Recently we’ve seen some cases where users were unable to download files larger than 4GB when they were using ISA 200x as a forward proxy server. When the user tried to download a large file, e.g. an ISO image, they would see the download stop after the client had downloaded only a small chunk of data.

When we analyzed the problem we found that the issue was related to the Content-Length HTTP header. Due to a design limitation, ISA 200x is unable to correctly parse the large Content-Length header and convert it to an Unsigned Integer 32-Bit value. For those of you, not too familiar with coding, the maximum value for UInt32 is 4.294.967.295. If the parsed Content-Length header exceeds 4.294.967.295, then the download will stop after the client has downloaded the remainder of the overflowed integer. E.g. If the file size is less than 8GB the amount of data downloaded would be Filesize-~4GB.

These are the HTTP response headers you might see in a repro.
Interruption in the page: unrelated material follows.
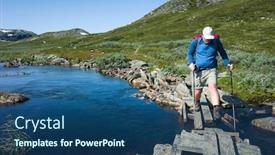 Presentation with broken bridge - Amazing slides having hiking-in-swedish-lapland-man backdrop and a ocean colored foreground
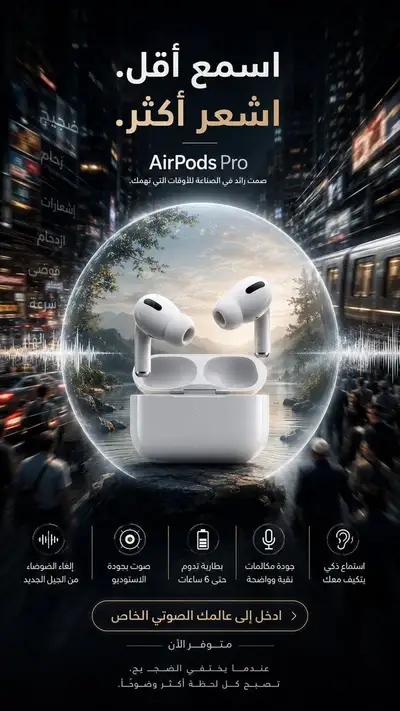 AirPods Pro noise cancellation advertising poster concept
As you can see we sent the client the full content length.

HTTP/1.1 200 OK
Proxy-Connection: Keep-Alive
Connection: Keep-Alive
Content-Length: 4313199008
Via: 1.1 ISA2006EE1
Date: Tue, 24 Mar 2009 17:11:05 GMT
Content-Type: *
ETag: "f5f31f26a0acc91:688"
Server: Microsoft-IIS/6.0
Cache-Control: max-age=2592000
Last-Modified: Tue, 24 Mar 2009 16:46:59 GMT
Accept-Ranges: bytes
X-Powered-By: ASP.NET

In this case the download will stop after getting ~18,223,284 bytes (4,313,199,008 bytes - 4,294,967,296 bytes = ~18.xxx.xxx bytes)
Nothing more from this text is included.